Head of water quality and environment, Jason Rogers, spoke at the meeting and said the firm had "gone past the point of excuses as a water company" and "recognised that we have to deliver".

A presentation by the organisation's representatives stated there are 138 Combined Sewer Overflows (CSOs) in Shropshire and that "nearly half of the county's CSOs spilled more than 20 times" during 2023.

A following slide stated the business has "targeted these sites as a priority for solution delivery".

Severn Trent said £450 million is being invested this year to 'make a difference' and that £1.1 billion of investment is being made in their programme up until 2030.

The company revealed during their presentation at the meeting that there will be £214 million of investment across 200 improvements in the county "mostly focused on river quality, storm overflows and abstraction licence management", alongside £82 million of investment to "complete detailed options appraisal for the three new inland bathing water in Shropshire to improve water quality towards bathing quality".

Jason Rogers said at the meeting: "In Shropshire we've got £214 million to spend allocated, in the next five years to improve water quality and the 200 improvements that we have identified.

"We know exactly what the solutions are for the overflows and sewage treatment works. We've actually got 51 interventions in the last few two to three months.

"As a business we're absolutely laser focused on that we need to get this done or the majority done before the weather changes in the winter because this is when we get the major changes on the overflows."

English Bridge.

The company's representatives revealed their initiatives to improve Shropshire's waterways that included raising weir walls and re-purposing unused huge-scale concrete tanks, as well as finding news ways to treat water and reducing the impact of stormy weather by installing flap-valves, and water butts.
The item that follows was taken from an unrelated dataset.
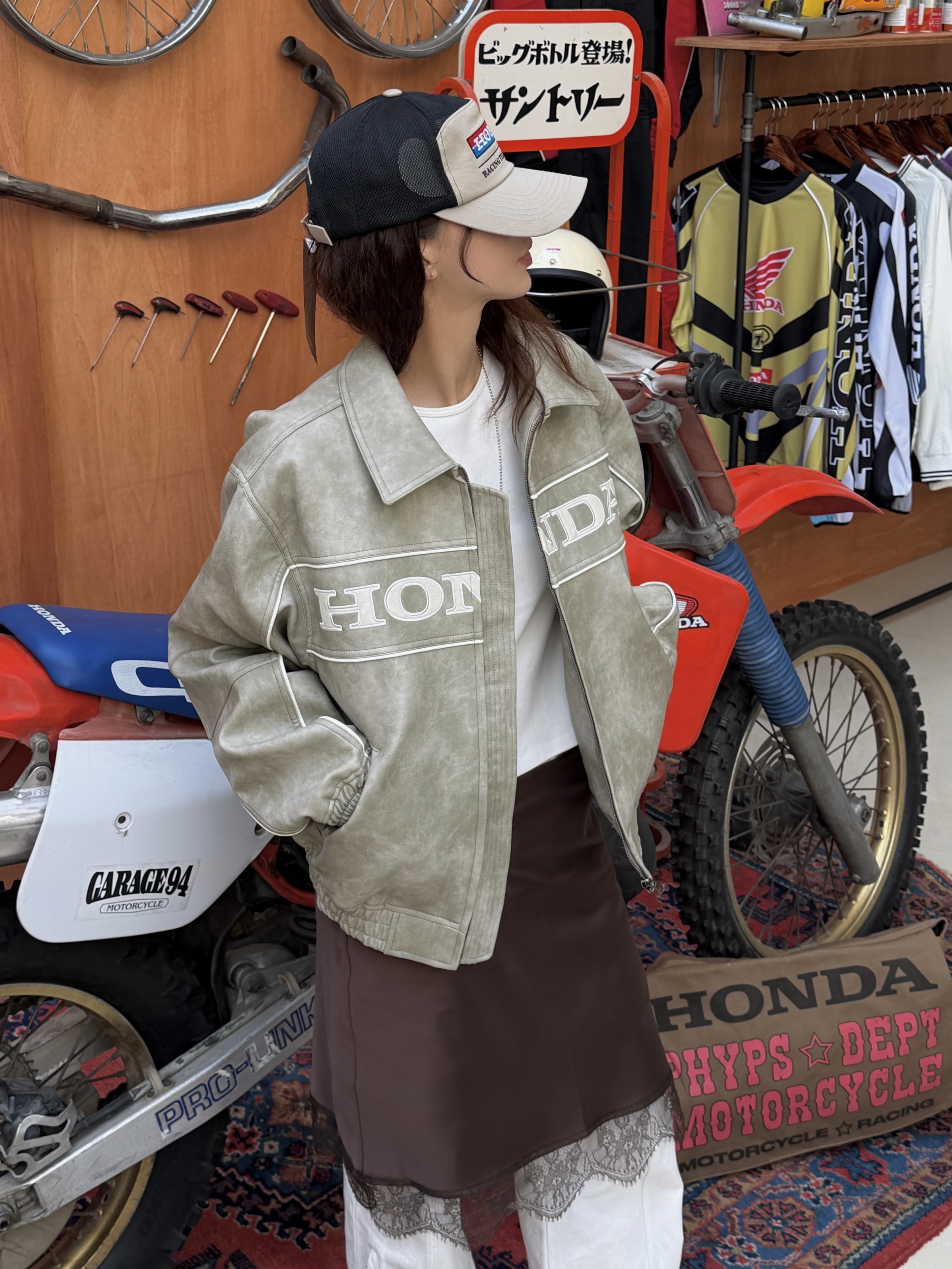 Honda Twill Multi Patch Motorcycle Jacket Ivory, Honda Original Wing Logo Vintage Cap Charcoal 착용 스타일 - 7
During their presentation, the water company claimed: "Severn Trent are currently responsible for 14 per cent of the reasons for rivers not achieving good quality status however we want to get down to less than two per cent impact by 2030".

"We've got 138 CSOs in Shropshire, 68 of those…are spilling more than 20 times per year," the head of water quality and environment continued.

"We know which of those CSOs are, and part of our plans we have got solutions that are being identified for every single one of those overflows.

"Some may be a relatively cheap fix, others are hundreds of millions of pounds of investment.

"Shrewsbury is one of the areas where it needs significant investment to get the infrastructure to the right standard, but we have a plan for that and it will be delivered in the next three to four years.

"We're not looking backwards, we're looking forwards. We recognise that we have to invest and we have to move really quickly."